Para peserta diskusi pun mengutarakan pelbagai gagasan-gagasan berdasarkan angan-angan maupun pengalaman bertransportasi publik baik itu di Surabaya, Jakarta, Yogyakarta, Semarang bahkan referensi dari luar negeri seperti Singapura, Manila, dan Perth. Peserta mengungkapkan potensi bemo a.k.a lyn membutuhkan optimasi pelayanan dan secara bertahap berpotensi menjadi solusi transportasi publik. Revolusi besar-besaran bisa dilakukan dengan pergantian armada dari mobil umum sebagai angkutan ke bus ukuran medium. Salah satu ide selain perombakan pelayanan bemo adalah pengadaan kembali pelayanan untuk komuter Kereta Api (KA) lokal beserta penambahan frekuensi perjalanannya. Peserta lain mengusulkan pembentukan sebuah otorita pengelola seluruh sistem dan moda transportasi publik yang ada di Surabaya dan sekitarnya. Para peserta bersepakat bahwa pihak pemerintah kota tidak perlu merancang sistem transportasi dengan teknologi dan biaya tinggi. Lebih baik realistis dengan membenahi, mengelola, dan meningkatkan pelayanan angkutan umum yang ada dan menyesuaikannya dengan tata kota Surabaya bukan malah memaksakan satu ide yang bisa jadi malah dapat berdampak buruk seperti tol dalam kota yang ramai dibicarakan bahkan sudah muncul PERPRESnya.

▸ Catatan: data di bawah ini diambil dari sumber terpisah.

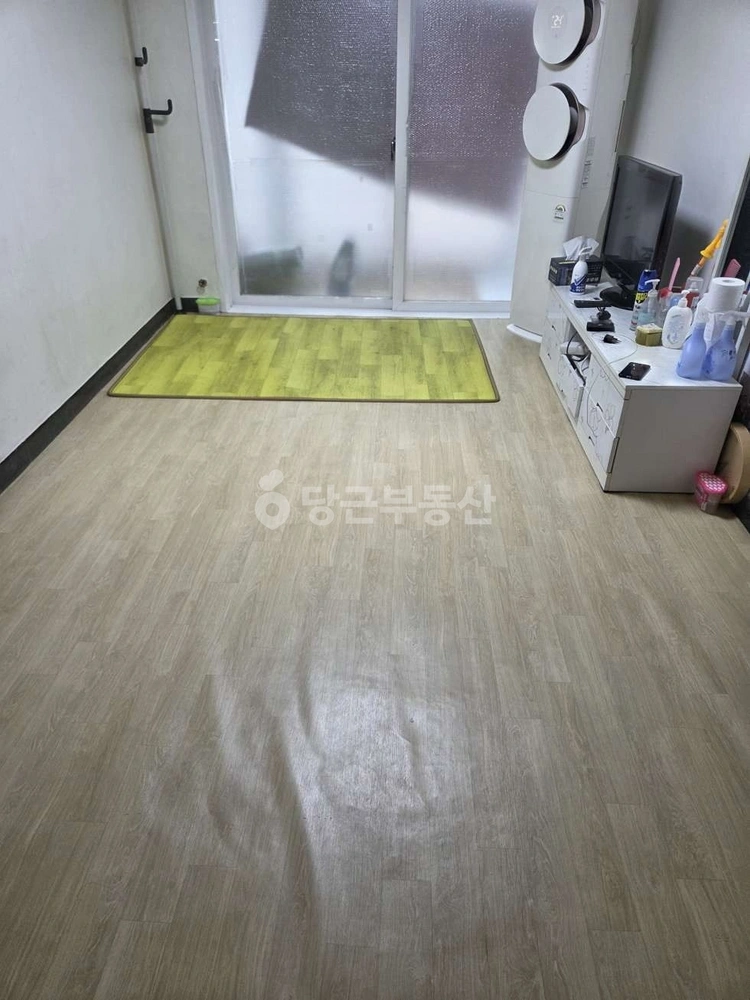 경기도 광주시 퇴촌면 빌라(투룸 이상) 사진 1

Pada akhir diskusi masih menjadi pertanyaan besar, bagaimana sebenarnya pemenuhan hak warga kota Surabaya atas aksesibilitas dan mobilitas yang aman dan nyaman bagi semua?

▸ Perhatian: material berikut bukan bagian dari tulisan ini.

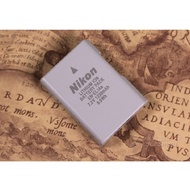 nikon EN-EL14a battery D3200 D3300 D3400 D5300 D5600 Enel14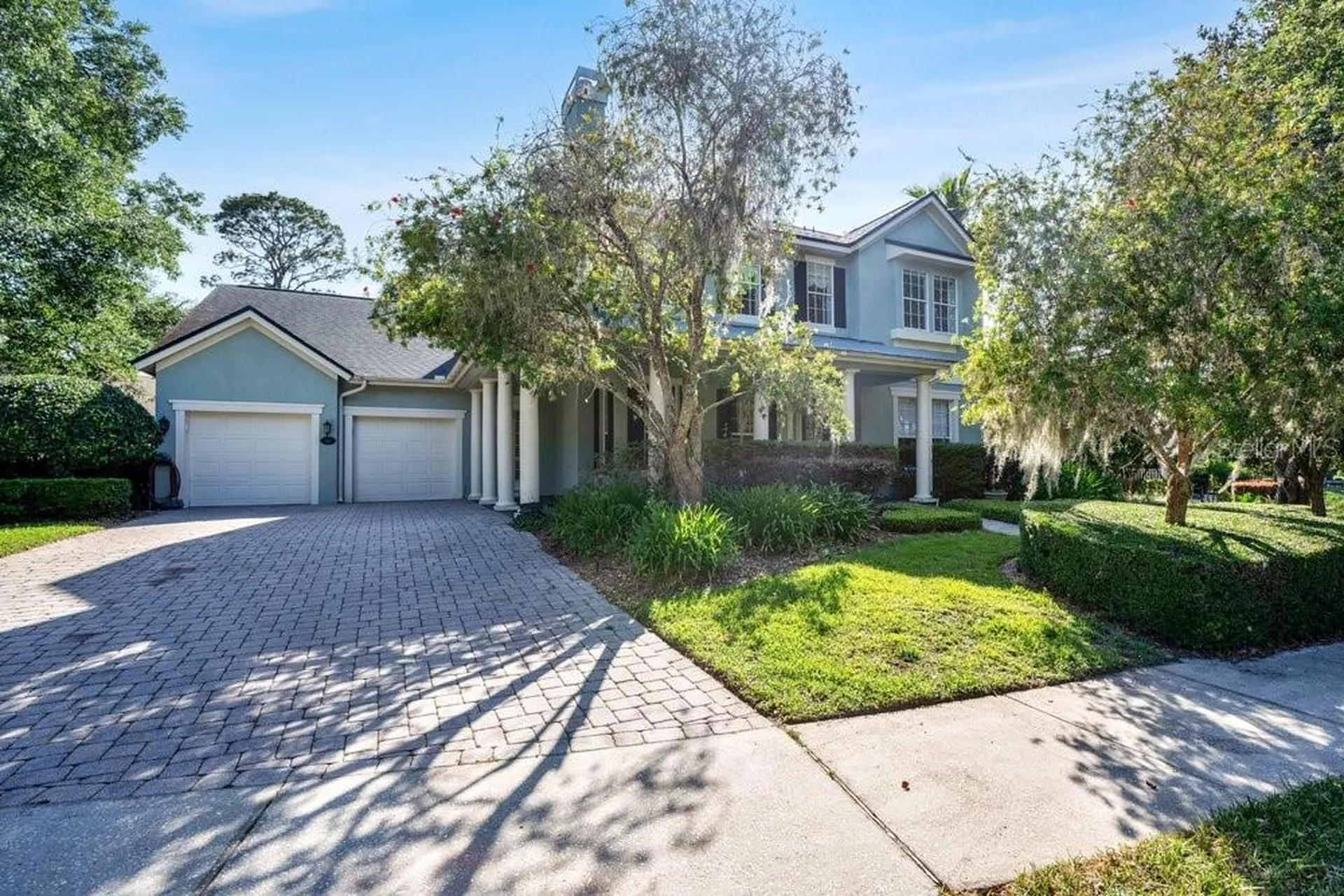 106 Callaway Court Deland FL 32724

Perbaikan kondisi yang lebih baik dapat dimulai jika pihak pemerintah kota dan dinas terkait mau duduk bersama dengan warga untuk berbagi ide dan pandangan, mengevaluasi dan melakukan perubahan rancangan jika dibutuhkan. Warga adalah pengguna sehari-hari sistem transportasi yang tersedia dan mengenal lebih dekat potensi yang tepat. Bahkan warga pengguna transportasi perkotaan ini sangat hafal dimana lokasi lubang di jalan, lokasi trotoar yang pavingnya lepas, hingga lokasi jalur sepeda yang dilanggar untuk parkir kendaraan pribadi. Informasi – informasi kewargaan ini tentu akan sangat berguna untuk menjadi masukan pemerintah dalam membangun layanan transportasi Kota Surabaya menjadi kota yang lebih baik. Dalam REPORTASI selanjutnya semoga ada perwakilan dinas terkait yang berkenan hadir untuk terlibat, mendengar dan berbagi pandangan.
Tabik.
Inanta Indra P.
Sebuah reportase dari kegiatan diskusi REPORTASI (Rembug Transportasi) di Surabaya (17 Desember 2019) oleh Inanta Indra P.